Paolo Pignocchi legge Aleksej Gorinov

La lettura integrale dell’ultima dichiarazione di Aleksej Gorinov, pronunciata il 7 luglio 2022.

Aleksei Gorinov è avvocato e attivista e dal 2017 consigliere municipale presso il distretto Krasnosel’skij di Mosca. Nei primi anni Novanta era deputato per il partito Russia Democratica, ma nel 1993, durante la crisi costituzionale e il duro confronto tra il presidente El’tsin e il Soviet supremo, decide di lasciare la politica. Negli ultimi vent’anni Gorinov ha lavorato come avvocato d’impresa e della pubblica amministrazione in ambito civile e ha fornito assistenza legale agli attivisti tratti in arresto durante le manifestazioni politiche. È fra gli ideatori della veglia-memoriale continua, con fiori e fotografie, sul ponte Moskvoretskij, luogo dell’omicidio di Boris Nemtsov. Il 15 marzo 2022, durante un’assemblea ordinaria del Consiglio di zona del distretto Krasnosel’skij, Gorinov deplora pubblicamente l’invasione dell’Ucraina da parte delle truppe russe esortando «la società civile a fare ogni possibile sforzo per fermare la guerra». Il 26 aprile viene arrestato ex art. 207.3 del Codice penale russo, noto anche come “legge sulle fake news”. Il tribunale del distretto Meščanskij ritiene che ci siano le prove che Gorinov abbia “diffuso informazioni deliberatamente false su quanto compiuto dalle Forze armate russe”, con le aggravanti di essere “in una posizione ufficiale e per motivi d’odio e ostilità”. L’8 luglio scorso il tribunale condanna Gorinov a sette anni di colonia penale, facendo di lui il primo cittadino russo a ricevere una pena detentiva per essersi espresso contro la guerra. Lo scorso settembre il tribunale di Mosca ha ridotto la pena di un mese.

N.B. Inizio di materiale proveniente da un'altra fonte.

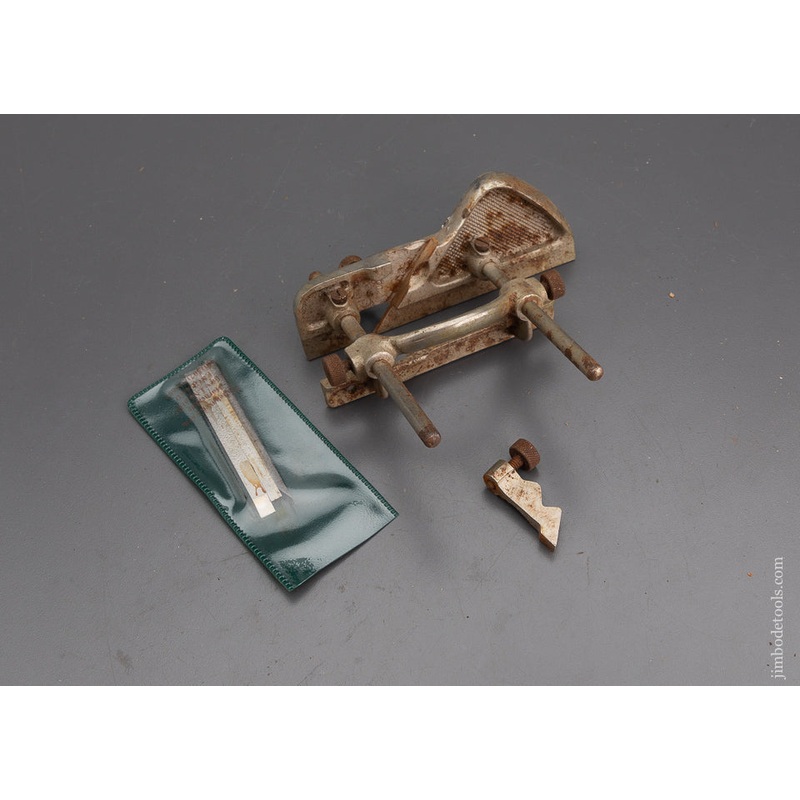 RECORD No. 043 Complete but No Stop – 102317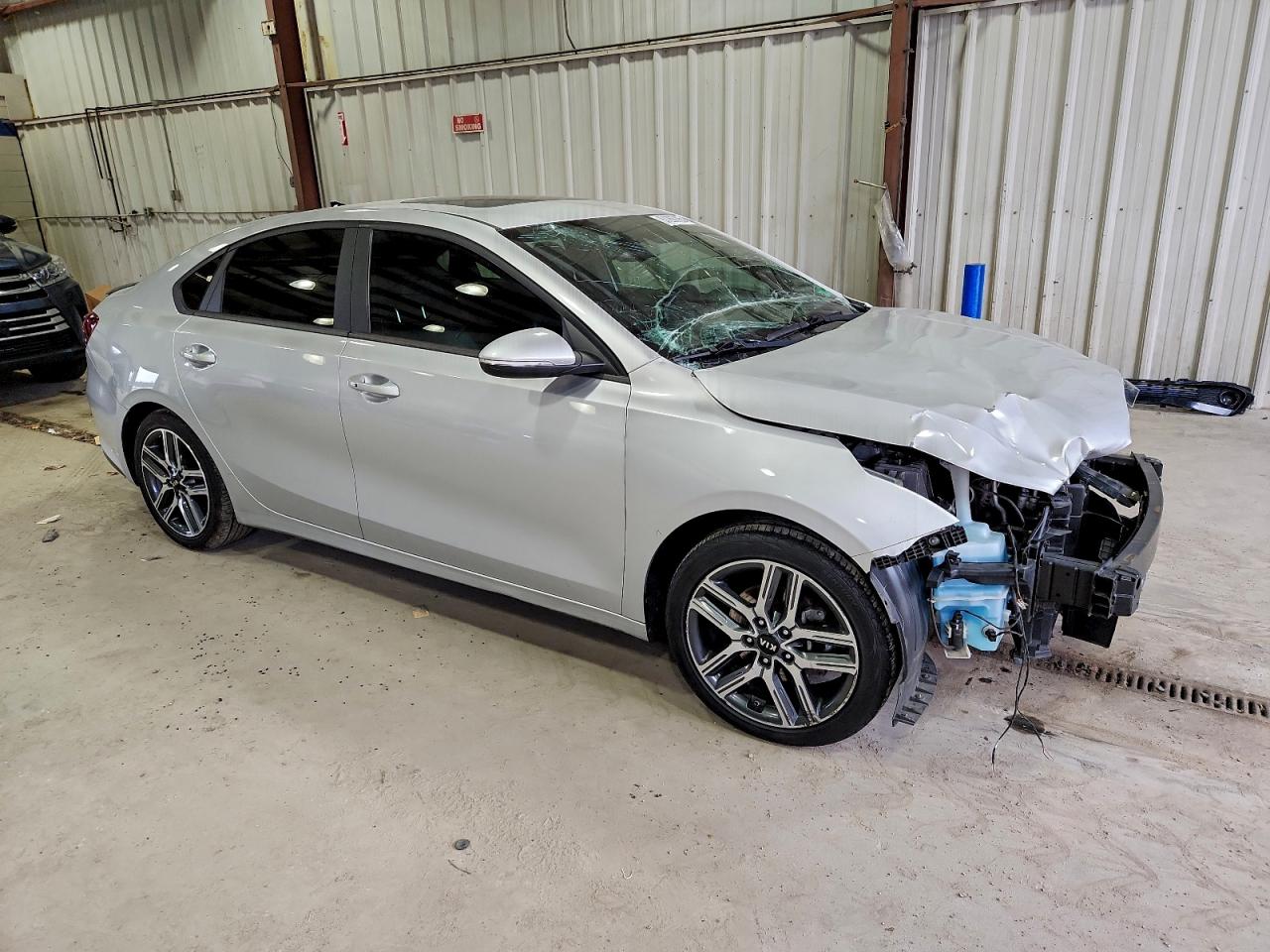 2020 KIA FORTE EX photo 4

Joshua Evangelista legge Egor Žukov

La lettura integrale dell’ultima dichiarazione di Egor Žukov, pronunciata il 4 dicembre 2019.

Egor Žukov è un videoblogger che studia scienze politiche alla Scuola superiore di economia. Ha lavorato per il Centro di eccellenza pedagogica, preparando gli studenti alle olimpiadi scolastiche. Ha collaborato con la squadra dell’oppositore politico Dmitrij Gudkov.
Il 27 luglio 2019 Žukov partecipa a una manifestazione pacifica contro la mancata ammissione alle elezioni per il municipio di Mosca dei candidati dell’opposizione (fra cui Žukov stesso); si unisce alla folla dei partecipanti e dà indicazioni a chi rimane indietro. La manifestazione segna il record di arrestati (1373), tra di loro ci sono Konstantin Kotov, Samariddin Radžabov, Aleksej Minjajlo e Daniil Konon, poi rilasciati.
Il 30 luglio viene istruito un grande processo per “disordini di massa” durante le proteste (il cosiddetto “processo di Mosca”). Il 2 e il 31 agosto la casa di Žukov viene perquisita; il materiale sequestrato include due chiavette USB con i file dei dépliant elettorali di Žukov e i suoi testi per l’università, un hard disc vuoto, un treppiede per macchina fotografica, una camicia, una bandiera di Gadsden e la statuetta di una rana.
Sulle prime Žukov viene condannato a due mesi di detenzione per “partecipazione a disordini di massa” (art. 212 comma 2 del Codice penale della Federazione russa). Già il 3 settembre, però, gli inquirenti devono ammettere che nel filmato in loro possesso non è Žukov a guidare la folla. Trovano perciò un altro reato da contestargli: “istigazione ad attività estremiste” (art. 280 comma 2). Le prove della colpevolezza di Žukov sarebbero quattro video postati sul suo canale YouTube. La settimana seguente Žukov viene iscritto nel registro dei terroristi e degli estremisti presso il Rosfinmonitoring.
Il 6 dicembre 2019 il tribunale distrettuale Kuntsevo (Mosca) condanna Žukov a tre anni con la condizionale e gli vieta di gestire siti internet per due anni.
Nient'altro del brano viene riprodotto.